Here in the kedro-mlflow plugin we were forced to redefine a ConfigLoader instance inside the plugin.
That lead to incoherence between the context ConfigLoader property and the new Configloader created inside the hook.
Other plugins will need this functionality, i imagine a kedro-spark plugin that use hook mechanism and access a spark config file from project folder path (spark.yml), or a kedro-sas plugins that do the same thing (getting configs in order to create a parametrized session)
A possible implementation is to pass the context config_loader to the hook.
hook specs
@hook_spec
def before_pipeline_run(
self, run_params: Dict[str, Any], pipeline: Pipeline, catalog: DataCatalog, config_loader: ConfigLoader
) -> None:
context
hook_manager = get_hook_manager()
hook_manager.hook.before_pipeline_run( # pylint: disable=no-member
run_params=record_data, pipeline=filtered_pipeline, catalog=catalog, config_loader=self.config_loader
)
Hi @takikadiri , you've highlighted a very good point. We thought about this and we've actually added a set of hooks to register library components, such as pipelines, data catalog, and config loader, with a Kedro project. I think might solve your use case.

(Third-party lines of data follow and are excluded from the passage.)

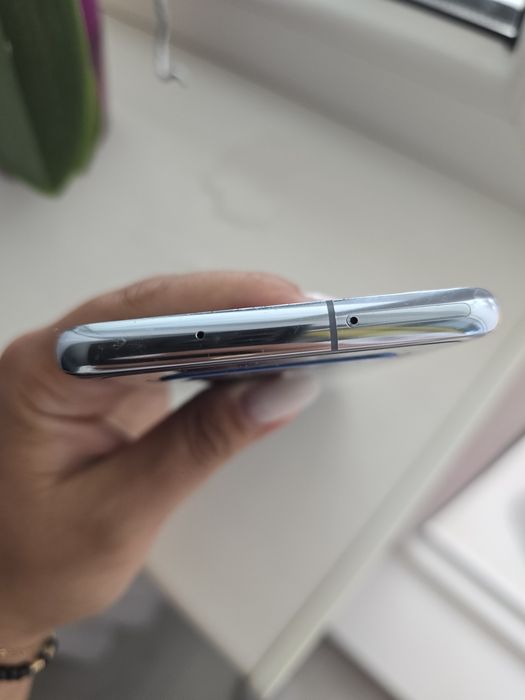 Samsung Galaxy S10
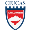 ASC Ciucas Tarlungeni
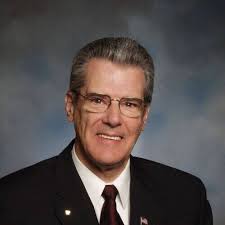 American College of Financial Services [Acceptance Rate + Statistics]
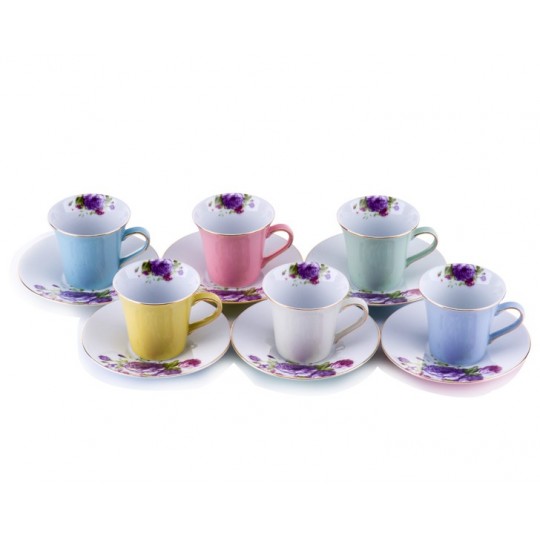 E-Ticaret Altyapısı | Güçlü ve Hazır Sistemler – SOLVES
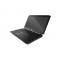 Ноутбук Dell Latitude 5521-0527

This functionality will be made available in 0.16.5, which is going to be released very soon. :)
Thank you @lorenabalan for the quick reply ! It's realy great having the possibility to registrer library component such as the config loader, i will certainly use it.
But my point here is about not having the possibility to pass the config loader instance (created with register_config_loader) to another hook let's say the pipeline_before_run hook.
There may be something that escapes me about the hook mechanisms :)
Hello @lorenabalan, I am not sure if I miss the point but I think this is not what is at stake here, correct me if I'm wrong.
I don't know if this is the best place to write this or if it should be in another issue, but here is a more detailed description of the problem and discussion on different design decisions and potential decisions.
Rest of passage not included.